In the meantime the French on the western section of the front made a counterattack from the canal with partial success; but were unable to drive the German troops from the sector entirely. The Teutons took Steenstraate; but their victory there was marred by the fact that the Belgian artillery smashed the bridge behind them. By this time the British reenforcements began to arrive in fairly large numbers. The Thirteenth Brigade of the Fifth Division was placed to the west of Geddes's Detachment, between the Pilkem road and the canal. Territorials who had arrived from England only three days before, the Durham and York Brigades of the Northumbrian Division, supported the Thirteenth Brigade. The Tenth Brigade of the Fourth Division were rushed to support the Third Brigade of Canadians who were south of St. Julien. Other British troops were sent to relieve the tense situation at Grafenstafel.

An attempt to retake St. Julien was made early on Sunday morning, April 25, 1915, by General Hull's Tenth Brigade and two battalions of the Durham and York Brigade. The British worked their way to the few Canadians who had continued on the former front when the main British force had been driven back. There they were checked by the German machine gun fire. TheBritish lost many men here and the efforts to save the day resulted in such a mixture of fighting units that there were fifteen battalions under General Hull, as well as the Canadian artillery.

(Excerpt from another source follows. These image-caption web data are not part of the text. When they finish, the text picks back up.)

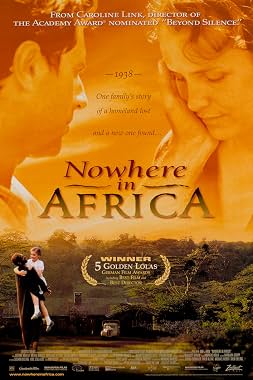 LugaTv | Watch Nowhere in Africa for free online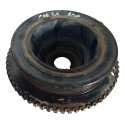 Polia Virabrequim Chevrolet Corsa 1.0 1994 1995 1996 A 2002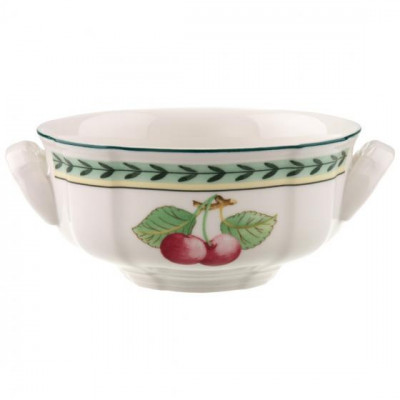Пиала для супа 0,35л French Garden Fleurence Villeroy & Boch Пиала для супа 0,35л French Garden Fleurence Villeroy & Boch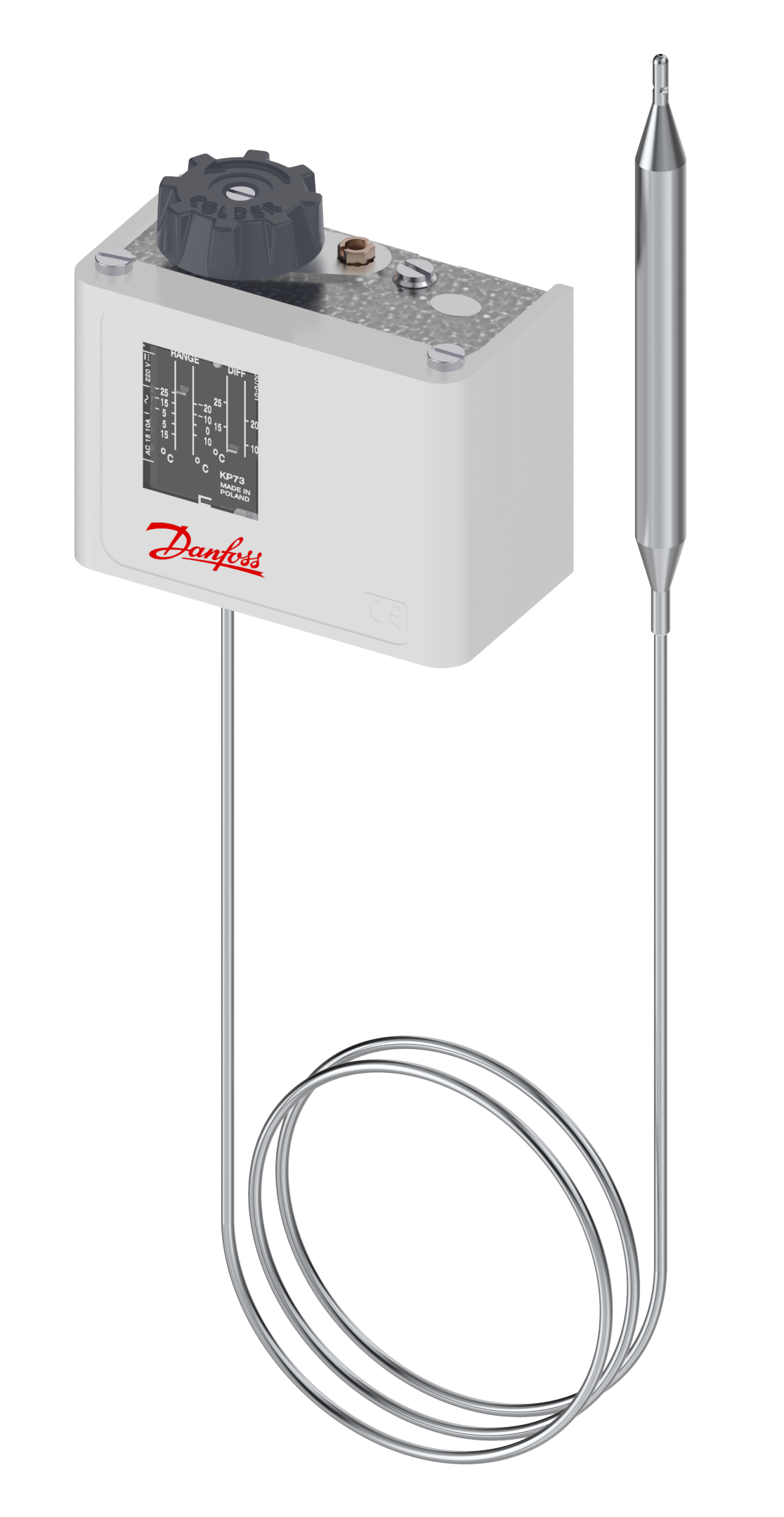 KP71 -5/20°C TERMOSTAT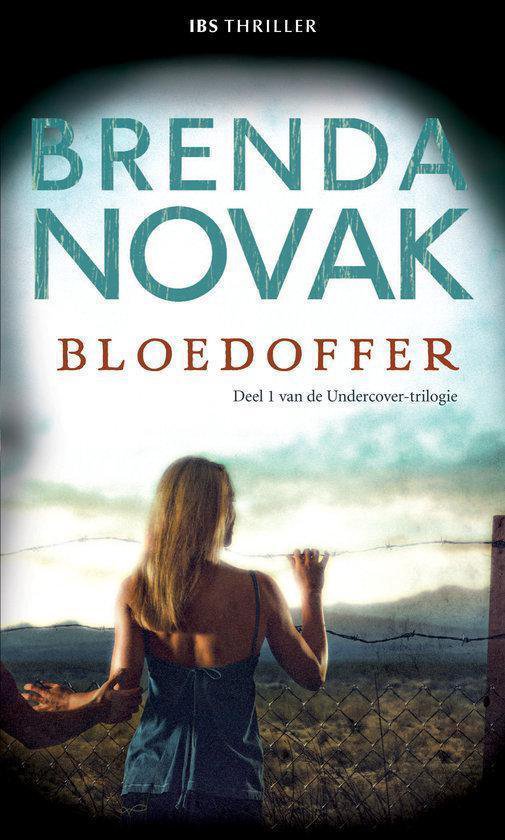 Bloedoffer - Brenda Novak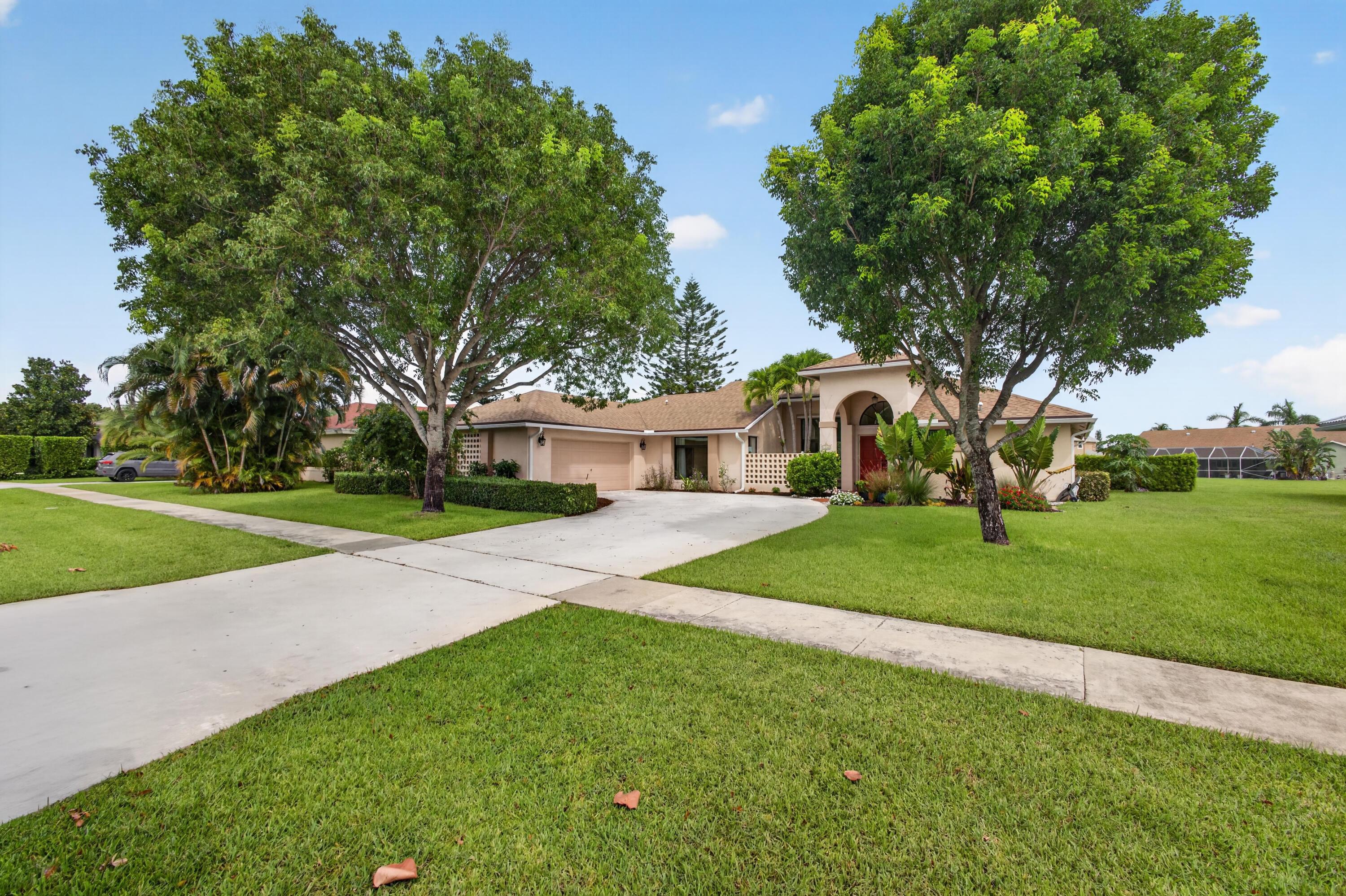 1848 Lynton Circle, Wellington, FL 33414, Wellington - Photo 3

At Grafenstafel the Eighth Battalion of the Durham Brigade were bombarded with asphyxiating shells before the German infantry attack. The fighting on this section of the front was fierce throughout the afternoon, but finally the British were forced to retire. At Broodseinde, the extreme eastern point of the allied front, the Germans made a desperate attempt to take the salient, using asphyxiating and other bombs again and again on the men of the Twenty-eighth Division of the British. King George's men, however, repelled the attacks with severe loss to the Teutons, taking many prisoners.

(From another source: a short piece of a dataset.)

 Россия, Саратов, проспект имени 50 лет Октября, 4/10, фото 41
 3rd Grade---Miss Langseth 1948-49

The French on the left, beyond the Yperlee Canal, prevented the advance of the German troops; and, farther to the left, the Belgians checked three attacks in which asphyxiating gas was used, south of Dixmude. Thus it may be seen that the Germans had met with no success worth while, when Sunday, April 25, 1915, closed, so far as the ends of the salient were concerned; but in the center the British situation was so critical that the Second Canadian Brigade, reduced to less than 1,000 men, was once more called into action on the following day. On the same day, April 26, 1915, the Lahore Division of the Indian army was marched north of Ypres. The point of the salient was pushed in on that day at Broodseinde, but the German success there was short-lived. The brigade holding Grafenstafel was attacked fiercely by the Germans. The Durham Light Infantry was forced from Fortuin behind the Haanabeek River. The Teutons made several attacks from the St. Julien district against the section between the Yperlee Canal and the southern part of the village. By this time Geddes's Detachment was almost exhausted, they, with the Canadians, having withstood the heaviest fighting at the beginning of the battle; and most likely saved the Allies a most disastrous defeat. The detachment could stand no more, and the various units of which it was composed were returned to their respective commands.

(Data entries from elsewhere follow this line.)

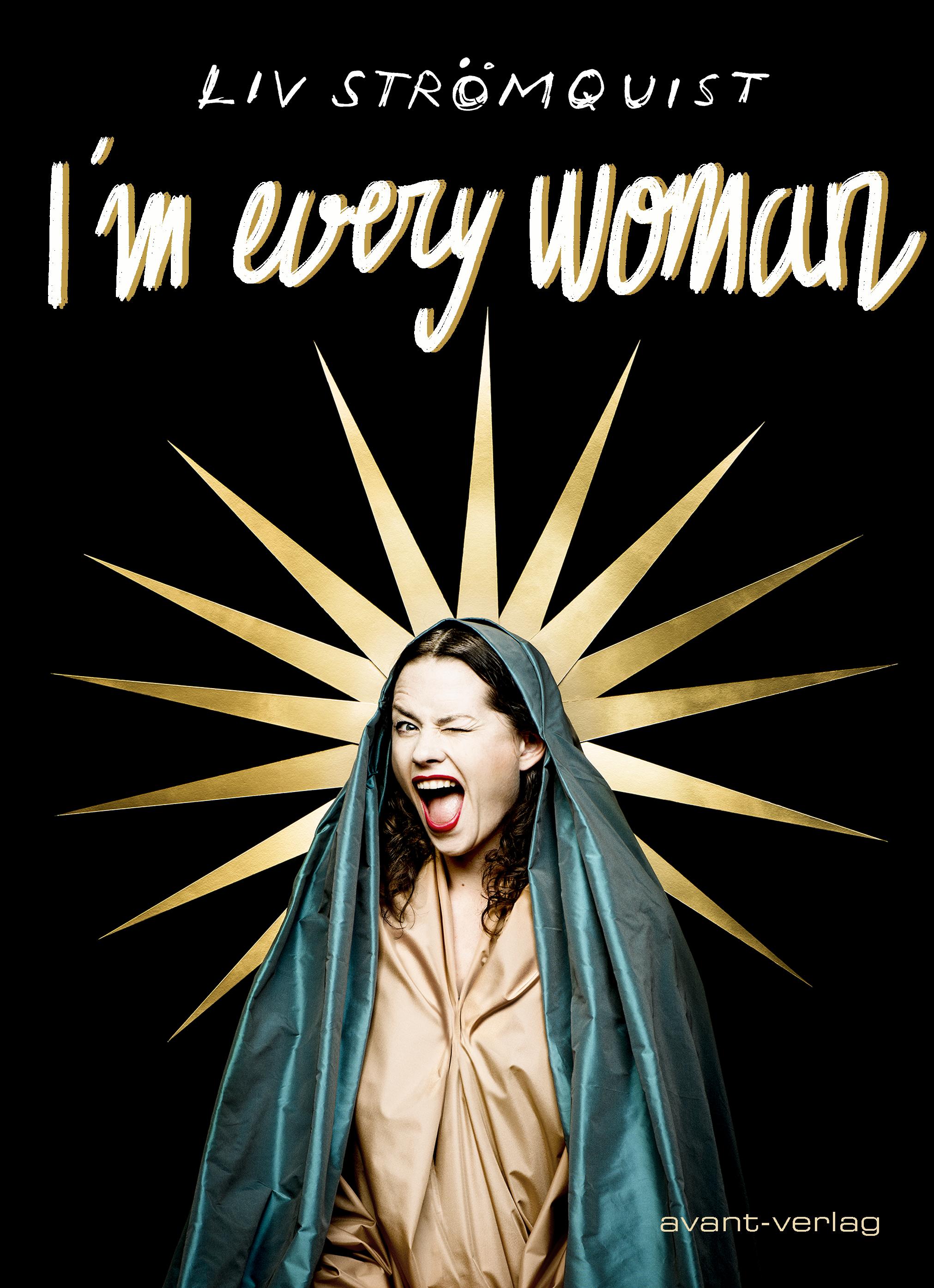 I\'m every woman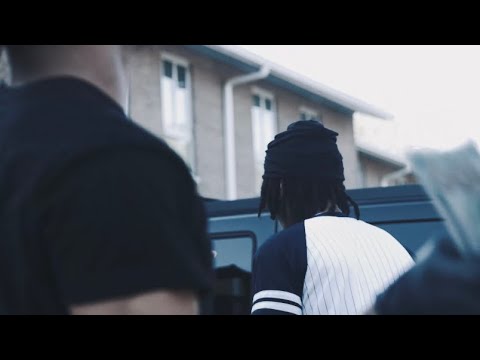 ProjectBabyATM - "Turn Em Up" | SHOT BY INFINITE YOHANNES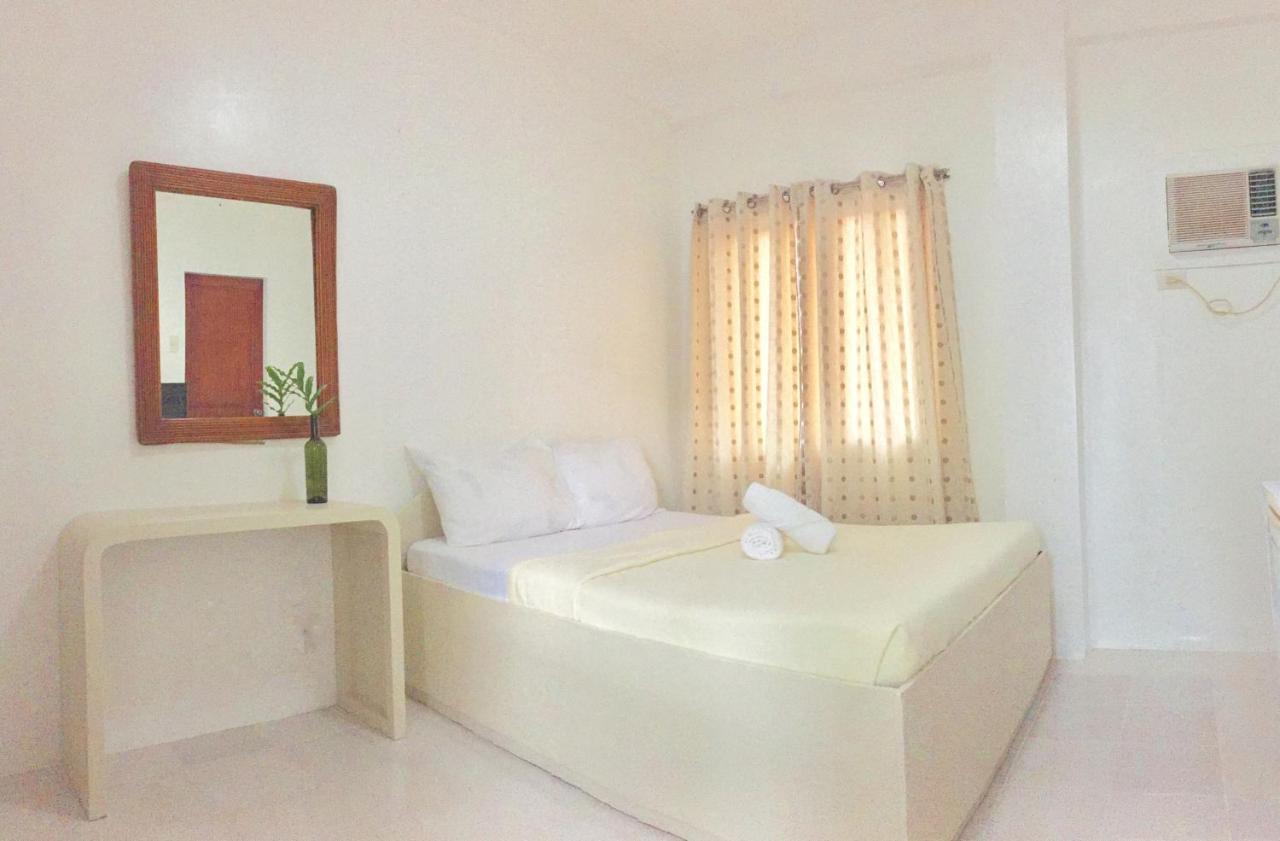 Seabird International Resort Balabag (Boracay)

But the salient was growing smaller as a result of the repeated hammering of the Germans; and that exposed the allied troops to a more deadly fire from three sides. It was evident that the Allies must make a counterattack. General Riddell's Brigade was sent to Fortuin and with the Lahore Division on its left was told to retake St. Julien and the woods to the west of the village. Beyond the Yperlee Canal, on the left, the French made an assault on Lizerne, supported by the Belgian artillery; while the French colonial soldiers poured on Pilkem from the sector about Boesinghe. On the right the allied troops were lined up as follows: the Connaught Rangers, Fifty-seventh Wilde's Rifles, the Ferozepore Brigade, the 129th Baluchis, the Jullundur Brigade, and General Riddell's battalions. The Sirhind Brigade was held in reserve.

The German artillerymen apparently knew the distances and topography of the entire region and poured a leaden hail upon the allied troops. The Indians and the British in their immediate neighborhood charged in short rushes, losing many men in the attempt to reach the German trenches. Before the Germans were in any danger of a hand-to-hand struggle, they sent one of their gas clouds from their trenches and the attack was abandoned, the British and Indians getting back to their trenches as best they could. In this action the British gave great praise to their comrades from India. Riddell's Brigade was stopped in its attack on St. Julien by wire entanglements; and, though the outlaying sections of St. Julien were captured, the brigade was unable to hold them; and the Germans continued to hold the woods west of the village. Nevertheless the British front had been pushed forward from 600 to 700 yards in some places.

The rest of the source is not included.